As creatures of comfort, we're resurrecting ELLE.com's Cozy Week. In order to armor ourselves for 2021, we're prepping you during the hazy days between Christmas and NYE, covering all things sweatpants, bath goods, and all the feel-good content we deserve to close out the year.
We don't blame you if you struggled with the term 'cozy' in 2020. Living through months of a global pandemic, social unrest, and political turmoil has been a never-ending act of self-preservation—one a face mask never soothed. The act of forced isolation, often rebranded as relaxation, has for many induced an anxiety attack, prompting the question, How can I be cozy while the world is burning?
Unsurprisingly, the pandemic created a rise in anxiety and depression amongst young adults, and quarantine eerily resembled that hazy week between Christmas and New Year's, where days melt into one another and your parents' general acts of kindness suffocate you. As our stay-at-home orders lengthen, we're prepping ourselves for 2021 with the armor we need to make it through the end of the year: We're resurrecting ELLE.com's Cozy Week to get our feel-good needs met.
But first, let's get figure this out: What is cozy in 2021? Do the old iconographies of hygge still hold true? Are fireplaces actually cozy, or just cozy in theory? We investigate and ask you, our fine readers, to weigh in. Remember, this isn't a matter of whether you like the following things—who doesn't enjoy a toasty fire or roasted butternut squash blitzed into a creamy soup—but whether they actually bring you the feeling of comfort and ease. Sound off on all the disputed symbols of coziness in our contentious quiz below.
I once engaged in a lengthy discourse over our love of string lights, but has the romance faded?

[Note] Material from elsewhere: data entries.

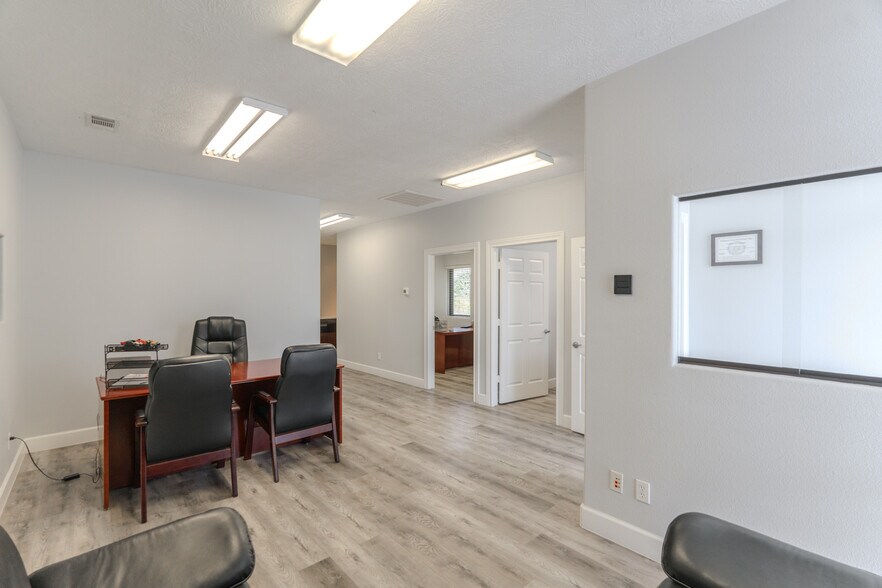 More Photos Of 8601 Fawn Trl, Conroe Warehouse For Sale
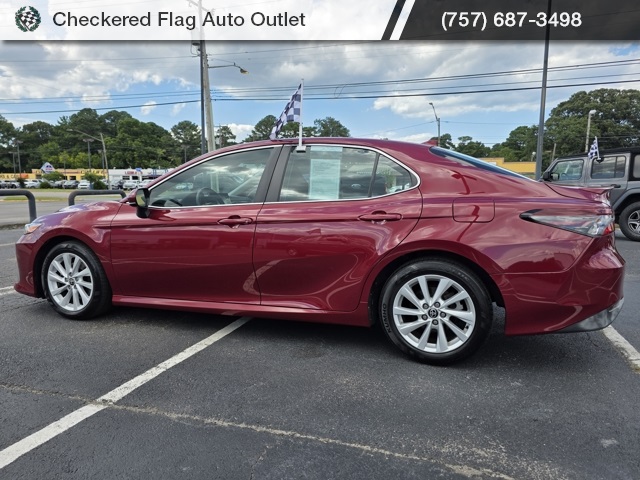 2022 Toyota Camry LE photo 4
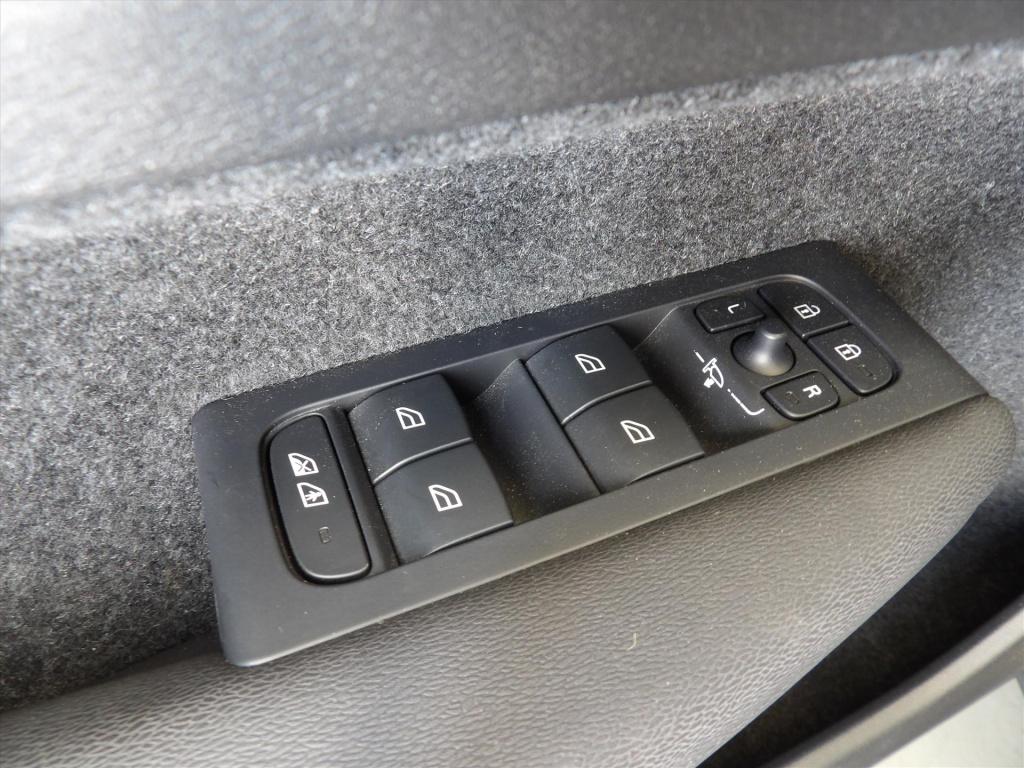 Volvo XC40 t4 plug-in hybrid 211pk aut core bright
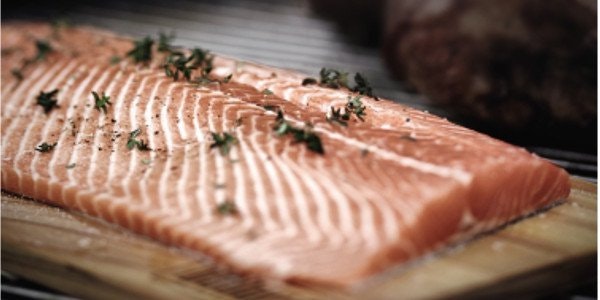 Lachs auf Zedernholzbrett Lachs auf Zedernholzbrett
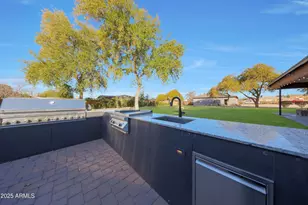 2718 E Campo Bello Dr, Phoenix, AZ 85032 - Photo 23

Now mostly relegated to dorm rooms, string lights don't twinkle quite like they used to, but can a cozy space even be established if tiny bulbs aren't scotch-taped to the walls? Because if string lights can't live through this year, what will light our path to the new beginnings of 2021?
[Editor's note: String lights in a backyard are totally different and forever okay.]
If quarantine taught us anything, it's that sweatpants are the superior leisurewear bottom. Leggings, by contrast, are tight by definition. Unless you're working out, how many of you actually love a restricted calf suffocating in lycro?
The cabincore aesthetic of a chesterfield couch or a well-worn brown leather sofa is cozy on paper, but what happens when skin-to-leather contact occurs? Velvet couches can also take a seat in this conversation because sweating is not cozy—and therefore, debatable.
Drinking a hot beverage in bed
According to scientists and Instagram influencers, people sometimes drink tea atop plush duvet covers. Brazenly handling a mug filled to the brim with dark liquid really makes you appreciate side tables, but when your home has become your entire world, it only makes sense to sip a bev in bed. Should this activity should be reserved for Getty stock images and 2000s-era indie movies we can no longer stomach watching in full?
The benefits of a toasty throw blanket is undisputed, but heated blankets are a fire hazard. Perhaps the anxiety of baking a yeast infection is lower for some than others. Cozy, or not?
Sitting at a bonfire is a schooching game of musical chairs. Loser gets smoke in your eyes.
The trend of nightgowns as day dresses enchanted the nation this year, as lounging in one definitely aids in cosplay as a Jane Austen heroine. Maybe it's just me, but I don't find hiking up a dress to pee in the middle of the night to be a cozy pursuit.
Monochrome living rooms
If you don't spill red wine over your eggshell bouclé couch or your freakishly clean faux sheepskin rug, I just don't think we'd get along on a spiritual level. Monochrome living rooms are becoming an aspirational interior design aesthetic, but how cozy are they? Does living in an all-white room make you feel safe and snug, or are you trapped in a sci-fi film?
We as a society have evolved past this inherently itchy fabric thanks to cashmere and faux fur throws. Sure, wool blankets look cozy across an armchair, but who wants to bundle themselves up in a scratchy textile to watch Bridgerton when your skin is suffering from seasonal eczema?